*** Data Section Begins ***

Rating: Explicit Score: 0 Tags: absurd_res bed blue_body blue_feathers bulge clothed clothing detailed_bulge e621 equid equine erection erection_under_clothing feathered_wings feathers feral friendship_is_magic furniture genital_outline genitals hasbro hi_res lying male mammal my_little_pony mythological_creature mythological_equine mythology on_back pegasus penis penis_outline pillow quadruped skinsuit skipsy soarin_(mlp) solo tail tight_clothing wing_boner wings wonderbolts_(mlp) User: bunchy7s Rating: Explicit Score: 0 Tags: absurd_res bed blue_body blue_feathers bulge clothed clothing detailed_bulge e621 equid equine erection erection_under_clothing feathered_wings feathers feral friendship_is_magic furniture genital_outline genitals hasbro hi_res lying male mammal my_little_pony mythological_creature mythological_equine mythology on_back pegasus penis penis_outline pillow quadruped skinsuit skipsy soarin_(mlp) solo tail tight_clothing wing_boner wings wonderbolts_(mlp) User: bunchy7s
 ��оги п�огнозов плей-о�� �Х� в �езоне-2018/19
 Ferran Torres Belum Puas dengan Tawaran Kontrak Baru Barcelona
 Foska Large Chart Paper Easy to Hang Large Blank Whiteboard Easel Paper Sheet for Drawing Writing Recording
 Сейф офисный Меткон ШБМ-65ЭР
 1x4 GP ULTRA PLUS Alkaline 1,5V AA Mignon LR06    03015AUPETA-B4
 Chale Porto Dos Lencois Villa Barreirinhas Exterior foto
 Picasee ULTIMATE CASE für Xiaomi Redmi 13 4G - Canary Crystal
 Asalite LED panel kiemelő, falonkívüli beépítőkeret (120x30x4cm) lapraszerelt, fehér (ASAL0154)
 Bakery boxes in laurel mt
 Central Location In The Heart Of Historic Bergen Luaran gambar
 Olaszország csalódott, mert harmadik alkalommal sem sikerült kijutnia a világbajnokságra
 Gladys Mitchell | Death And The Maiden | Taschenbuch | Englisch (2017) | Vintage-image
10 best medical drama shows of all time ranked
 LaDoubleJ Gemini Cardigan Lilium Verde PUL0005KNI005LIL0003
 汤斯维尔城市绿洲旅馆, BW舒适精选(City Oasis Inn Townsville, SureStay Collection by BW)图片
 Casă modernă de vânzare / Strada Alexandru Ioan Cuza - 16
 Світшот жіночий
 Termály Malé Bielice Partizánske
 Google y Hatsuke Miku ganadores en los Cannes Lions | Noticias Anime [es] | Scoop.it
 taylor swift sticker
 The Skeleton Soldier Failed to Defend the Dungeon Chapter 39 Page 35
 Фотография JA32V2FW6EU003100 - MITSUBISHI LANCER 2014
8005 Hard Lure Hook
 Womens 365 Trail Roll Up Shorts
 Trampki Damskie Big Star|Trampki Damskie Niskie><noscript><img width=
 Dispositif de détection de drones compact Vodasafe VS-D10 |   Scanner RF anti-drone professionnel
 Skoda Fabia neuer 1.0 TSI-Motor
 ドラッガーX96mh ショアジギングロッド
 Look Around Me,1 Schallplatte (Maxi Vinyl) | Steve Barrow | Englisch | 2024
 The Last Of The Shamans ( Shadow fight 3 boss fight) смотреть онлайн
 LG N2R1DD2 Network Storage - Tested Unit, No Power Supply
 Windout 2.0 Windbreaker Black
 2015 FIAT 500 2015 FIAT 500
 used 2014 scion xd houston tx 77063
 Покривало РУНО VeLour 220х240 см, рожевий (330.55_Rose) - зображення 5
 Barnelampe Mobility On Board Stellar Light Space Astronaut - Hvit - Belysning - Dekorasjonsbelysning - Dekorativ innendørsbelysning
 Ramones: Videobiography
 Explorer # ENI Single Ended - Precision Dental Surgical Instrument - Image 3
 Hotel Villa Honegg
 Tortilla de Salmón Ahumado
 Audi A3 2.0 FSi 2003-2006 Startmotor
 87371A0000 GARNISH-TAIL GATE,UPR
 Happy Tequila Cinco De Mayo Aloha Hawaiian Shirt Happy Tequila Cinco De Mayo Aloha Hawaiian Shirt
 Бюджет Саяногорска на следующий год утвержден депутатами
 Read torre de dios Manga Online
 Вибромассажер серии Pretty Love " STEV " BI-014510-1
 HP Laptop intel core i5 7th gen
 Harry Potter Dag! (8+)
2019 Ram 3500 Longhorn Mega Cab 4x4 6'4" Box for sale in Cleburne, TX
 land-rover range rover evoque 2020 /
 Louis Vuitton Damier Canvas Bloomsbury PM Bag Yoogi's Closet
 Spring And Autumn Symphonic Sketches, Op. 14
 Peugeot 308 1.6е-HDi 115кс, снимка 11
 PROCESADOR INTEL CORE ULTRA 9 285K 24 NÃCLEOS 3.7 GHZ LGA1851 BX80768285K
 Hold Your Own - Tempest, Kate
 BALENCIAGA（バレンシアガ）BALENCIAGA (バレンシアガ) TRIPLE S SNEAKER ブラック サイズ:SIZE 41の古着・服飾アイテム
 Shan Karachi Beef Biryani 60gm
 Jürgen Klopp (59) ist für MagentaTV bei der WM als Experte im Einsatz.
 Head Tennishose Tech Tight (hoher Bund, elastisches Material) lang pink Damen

*** Data Section Ends ***

### Task prompt
Your reply must reproduce all records above exactly.

### Answer to this exercise
Rating: Explicit Score: 0 Tags: absurd_res bed blue_body blue_feathers bulge clothed clothing detailed_bulge e621 equid equine erection erection_under_clothing feathered_wings feathers feral friendship_is_magic furniture genital_outline genitals hasbro hi_res lying male mammal my_little_pony mythological_creature mythological_equine mythology on_back pegasus penis penis_outline pillow quadruped skinsuit skipsy soarin_(mlp) solo tail tight_clothing wing_boner wings wonderbolts_(mlp) User: bunchy7s Rating: Explicit Score: 0 Tags: absurd_res bed blue_body blue_feathers bulge clothed clothing detailed_bulge e621 equid equine erection erection_under_clothing feathered_wings feathers feral friendship_is_magic furniture genital_outline genitals hasbro hi_res lying male mammal my_little_pony mythological_creature mythological_equine mythology on_back pegasus penis penis_outline pillow quadruped skinsuit skipsy soarin_(mlp) solo tail tight_clothing wing_boner wings wonderbolts_(mlp) User: bunchy7s
 ��оги п�огнозов плей-о�� �Х� в �езоне-2018/19
 Ferran Torres Belum Puas dengan Tawaran Kontrak Baru Barcelona
 Foska Large Chart Paper Easy to Hang Large Blank Whiteboard Easel Paper Sheet for Drawing Writing Recording
 Сейф офисный Меткон ШБМ-65ЭР
 1x4 GP ULTRA PLUS Alkaline 1,5V AA Mignon LR06    03015AUPETA-B4
 Chale Porto Dos Lencois Villa Barreirinhas Exterior foto
 Picasee ULTIMATE CASE für Xiaomi Redmi 13 4G - Canary Crystal
 Asalite LED panel kiemelő, falonkívüli beépítőkeret (120x30x4cm) lapraszerelt, fehér (ASAL0154)
 Bakery boxes in laurel mt
 Central Location In The Heart Of Historic Bergen Luaran gambar
 Olaszország csalódott, mert harmadik alkalommal sem sikerült kijutnia a világbajnokságra
 Gladys Mitchell | Death And The Maiden | Taschenbuch | Englisch (2017) | Vintage-image
10 best medical drama shows of all time ranked
 LaDoubleJ Gemini Cardigan Lilium Verde PUL0005KNI005LIL0003
 汤斯维尔城市绿洲旅馆, BW舒适精选(City Oasis Inn Townsville, SureStay Collection by BW)图片
 Casă modernă de vânzare / Strada Alexandru Ioan Cuza - 16
 Світшот жіночий
 Termály Malé Bielice Partizánske
 Google y Hatsuke Miku ganadores en los Cannes Lions | Noticias Anime [es] | Scoop.it
 taylor swift sticker
 The Skeleton Soldier Failed to Defend the Dungeon Chapter 39 Page 35
 Фотография JA32V2FW6EU003100 - MITSUBISHI LANCER 2014
8005 Hard Lure Hook
 Womens 365 Trail Roll Up Shorts
 Trampki Damskie Big Star|Trampki Damskie Niskie><noscript><img width=
 Dispositif de détection de drones compact Vodasafe VS-D10 |   Scanner RF anti-drone professionnel
 Skoda Fabia neuer 1.0 TSI-Motor
 ドラッガーX96mh ショアジギングロッド
 Look Around Me,1 Schallplatte (Maxi Vinyl) | Steve Barrow | Englisch | 2024
 The Last Of The Shamans ( Shadow fight 3 boss fight) смотреть онлайн
 LG N2R1DD2 Network Storage - Tested Unit, No Power Supply
 Windout 2.0 Windbreaker Black
 2015 FIAT 500 2015 FIAT 500
 used 2014 scion xd houston tx 77063
 Покривало РУНО VeLour 220х240 см, рожевий (330.55_Rose) - зображення 5
 Barnelampe Mobility On Board Stellar Light Space Astronaut - Hvit - Belysning - Dekorasjonsbelysning - Dekorativ innendørsbelysning
 Ramones: Videobiography
 Explorer # ENI Single Ended - Precision Dental Surgical Instrument - Image 3
 Hotel Villa Honegg
 Tortilla de Salmón Ahumado
 Audi A3 2.0 FSi 2003-2006 Startmotor
 87371A0000 GARNISH-TAIL GATE,UPR
 Happy Tequila Cinco De Mayo Aloha Hawaiian Shirt Happy Tequila Cinco De Mayo Aloha Hawaiian Shirt
 Бюджет Саяногорска на следующий год утвержден депутатами
 Read torre de dios Manga Online
 Вибромассажер серии Pretty Love " STEV " BI-014510-1
 HP Laptop intel core i5 7th gen
 Harry Potter Dag! (8+)
2019 Ram 3500 Longhorn Mega Cab 4x4 6'4" Box for sale in Cleburne, TX
 land-rover range rover evoque 2020 /
 Louis Vuitton Damier Canvas Bloomsbury PM Bag Yoogi's Closet
 Spring And Autumn Symphonic Sketches, Op. 14
 Peugeot 308 1.6е-HDi 115кс, снимка 11
 PROCESADOR INTEL CORE ULTRA 9 285K 24 NÃCLEOS 3.7 GHZ LGA1851 BX80768285K
 Hold Your Own - Tempest, Kate
 BALENCIAGA（バレンシアガ）BALENCIAGA (バレンシアガ) TRIPLE S SNEAKER ブラック サイズ:SIZE 41の古着・服飾アイテム
 Shan Karachi Beef Biryani 60gm
 Jürgen Klopp (59) ist für MagentaTV bei der WM als Experte im Einsatz.
 Head Tennishose Tech Tight (hoher Bund, elastisches Material) lang pink Damen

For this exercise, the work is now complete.